--- Data extract ---
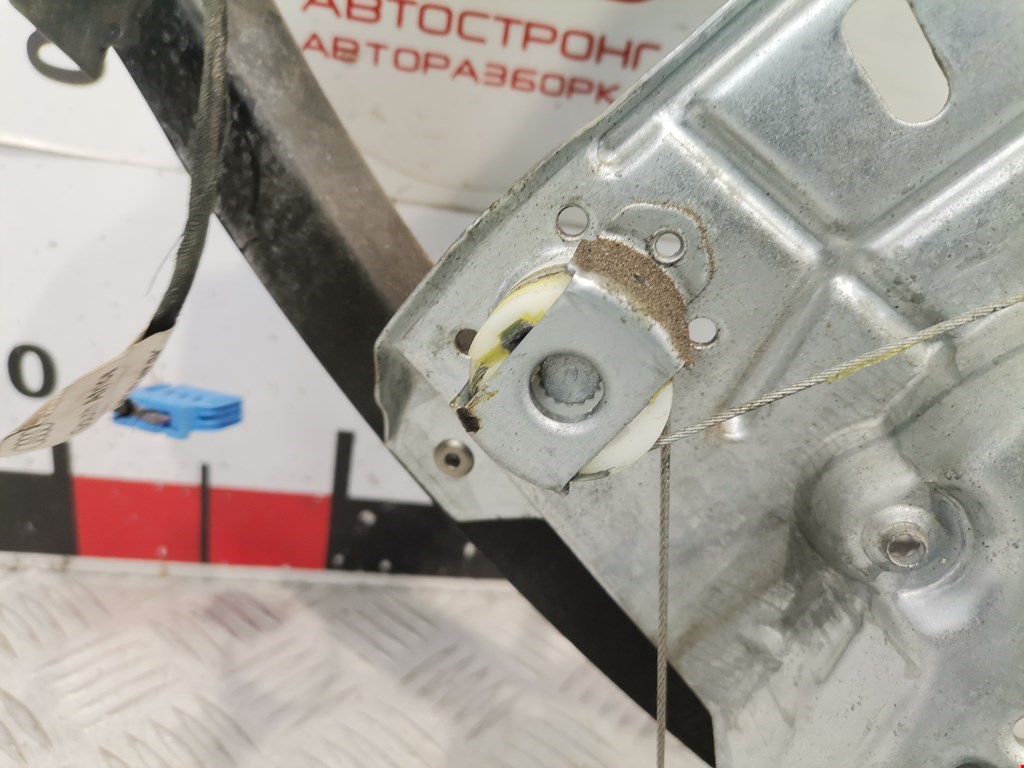 Стеклоподъемник задний левый AUDI A4 B5 1995-2001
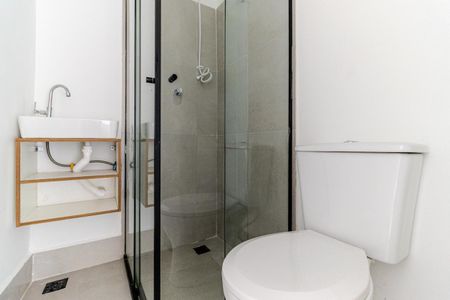 Studio à venda com 33m², 1 quarto e sem vaga Studio à venda com 33m², 1 quarto e sem vagaBanheiro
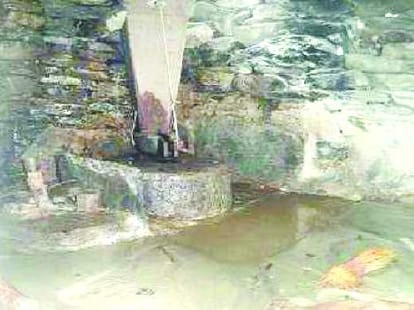 chamba Holly tunnel leakage power project resembled destruction.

--- Exercise aim ---
Every line of the listing above is to be retyped exactly, but the pictures are to be dropped.

--- Your solution ---
 Стеклоподъемник задний левый AUDI A4 B5 1995-2001
 Studio à venda com 33m², 1 quarto e sem vaga Studio à venda com 33m², 1 quarto e sem vagaBanheiro
 chamba Holly tunnel leakage power project resembled destruction.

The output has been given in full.